*What to produce*: Where an entry holds an image, skip the image but reproduce the rest word for word.

*Data for this task*:

========

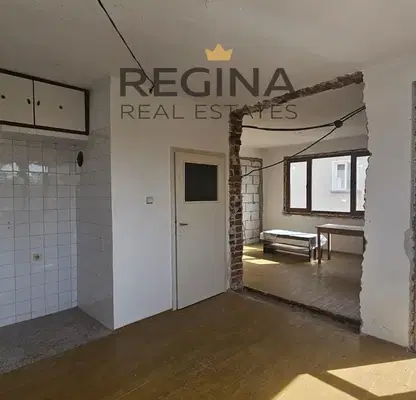 Photo 5 — Floor of House in Oblast Plovdiv, Hisarya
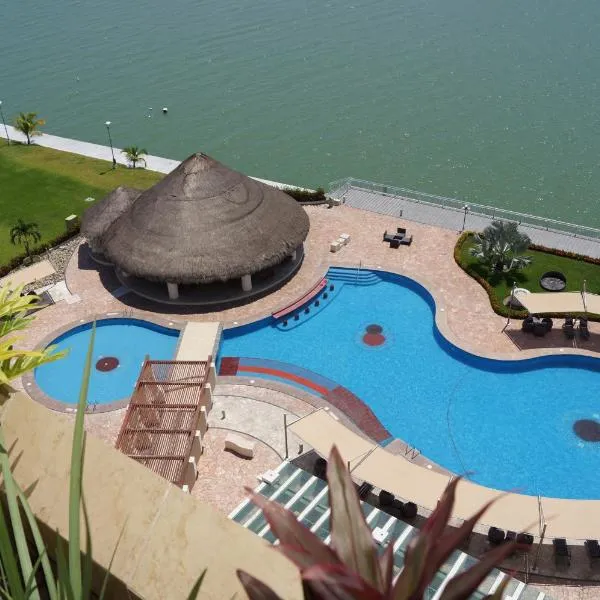 Holiday Inn Tuxpan - Convention Center by IHG，位于图斯潘罗德里格斯卡诺的酒店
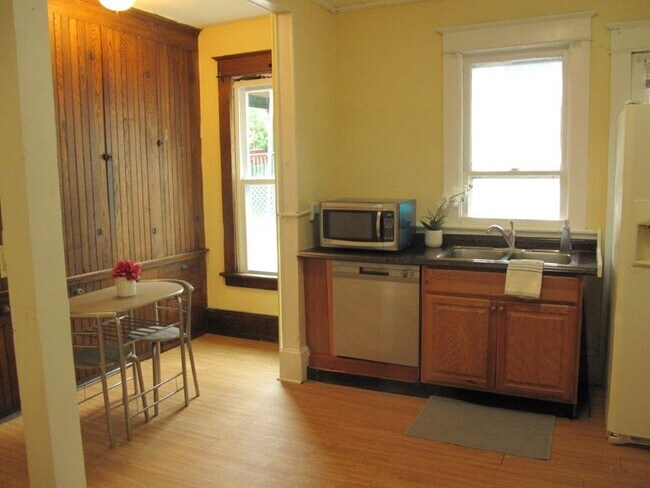 kitchen - 409 Dryden Rd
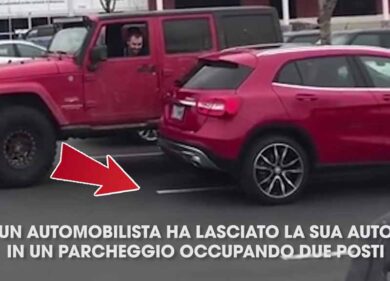 Occupa due posti nel parcheggio e due automobilisti si vendicano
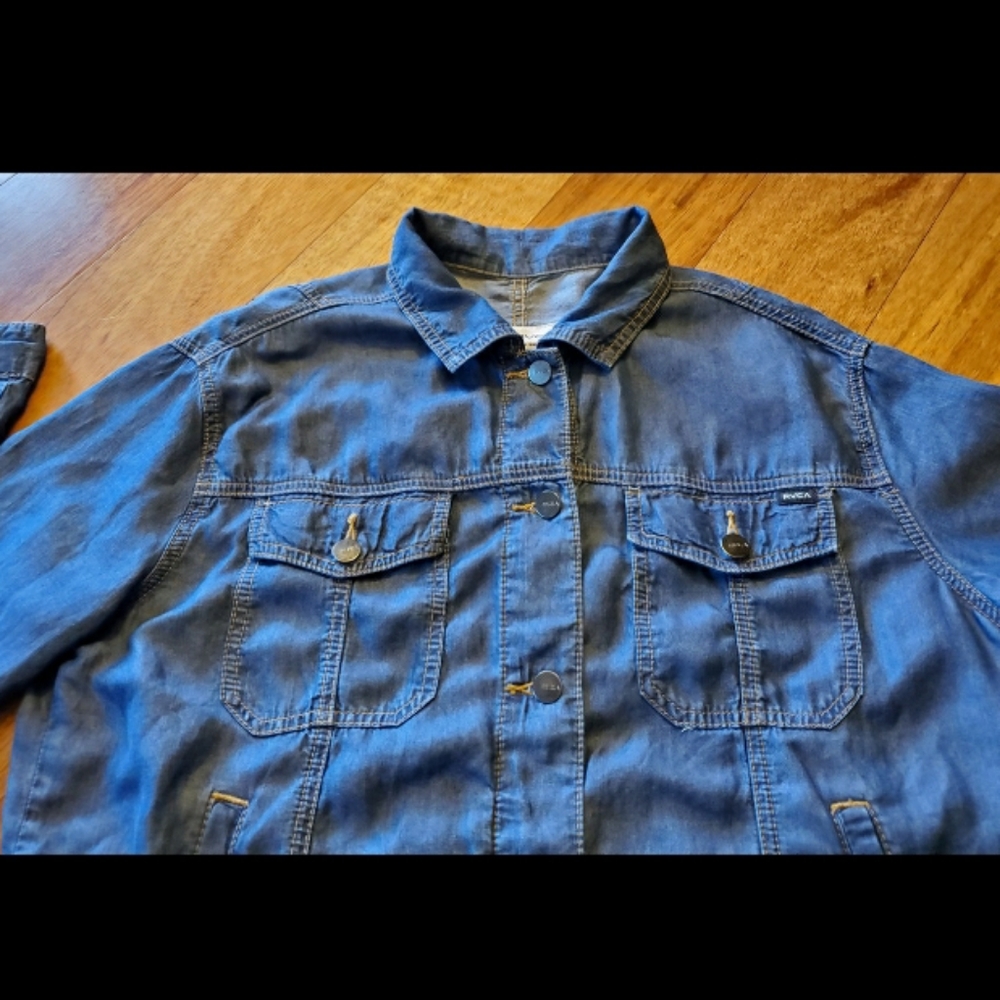 RVCA denim style chambray light shirt jacket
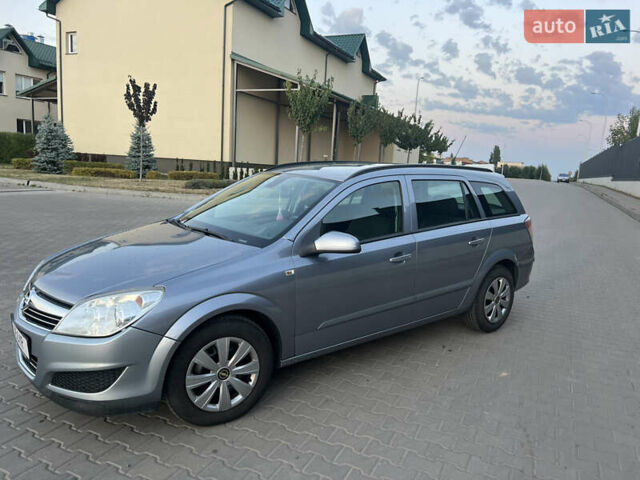 Серый Опель Астра, объемом двигателя 1.6 л и пробегом 234 тыс. км за 5700 $, фото 7 на Automoto.ua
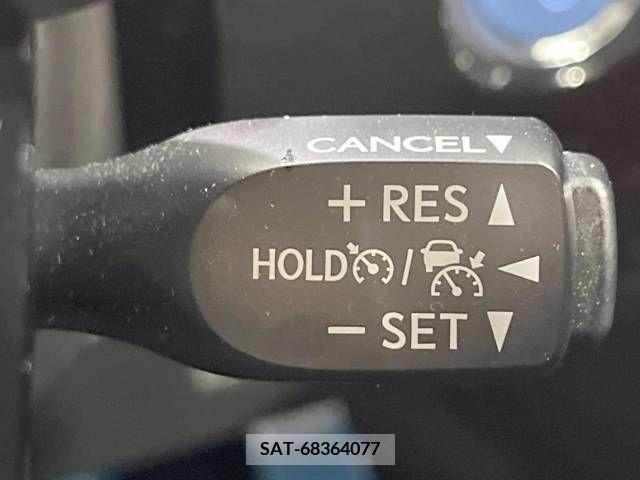 Toyota PRIUS 2021-04 282002-6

========

*Output for this task*:
 Photo 5 — Floor of House in Oblast Plovdiv, Hisarya
 Holiday Inn Tuxpan - Convention Center by IHG，位于图斯潘罗德里格斯卡诺的酒店
 kitchen - 409 Dryden Rd
 Occupa due posti nel parcheggio e due automobilisti si vendicano
 RVCA denim style chambray light shirt jacket
 Серый Опель Астра, объемом двигателя 1.6 л и пробегом 234 тыс. км за 5700 $, фото 7 на Automoto.ua
 Toyota PRIUS 2021-04 282002-6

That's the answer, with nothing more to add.